The other day we were doing a knife takeaway and I had a partner who seriously resisted my doing the technique. I noticed when he was doing the technique, he was so tense and jerky that he actually hit himself in the head a couple of times. He went on to start making a point of grabbing the knife with the other hand and "cutting" me with it if I didn't do the technique fast enough or to his liking.

He then went on to start lecturing me about how to do the technique, including complaints about how much I was twisting his wrist - insisting that he was not being tense or resistant, when he clearly was. When I realized I was actually starting to get into an argument with the guy, I decided to stop training with him. I was in the process of thanking him and going to the edge of the mat to wait for the next round, refusing to train with him further, when the clap came, and a potential scene/incident was avoided.

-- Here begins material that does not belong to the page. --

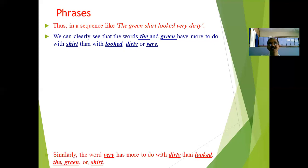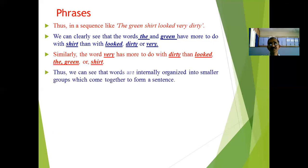Similarly, the word 'very' has more to do with 'dirty' because it relates as 'very dirty'. So 'very' has more to do with the word 'dirty' than with 'looked' or the other words like 'the', 'green', or 'shirt'.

This is not someone with any rank or authority at the dojo, so far as I know. Definitely not part of the teaching staff or dan ranked. In case this isn't obvious from a description of his behavior.

I saw two major problems with what he was doing. Foremost, he was assuming the role of authority and teacher in someone else's class without the instructor's consent or mine. Secondarily, all the smart-ass stuff he was doing to demonstrate how badly I was doing the technique was a violation of the parameters of the training scenario. This was just ordinary practice and I was trying to work out the technique - not reality testing. All of his gotcha nonsense was predicated on the assumption that I would not use atemi - punch him in the face, snap his knee or instep, etc... As a higher ranking sensei here has often said, without atemi, any technique is resistable.

Anyway, I'm curious as to how others would deal with such a fellow at their dojo - both what they would do, and what is considered proper at their school. I think I know what the senseis at this school will say, but I'll be checking with them next time I get the chance anyway.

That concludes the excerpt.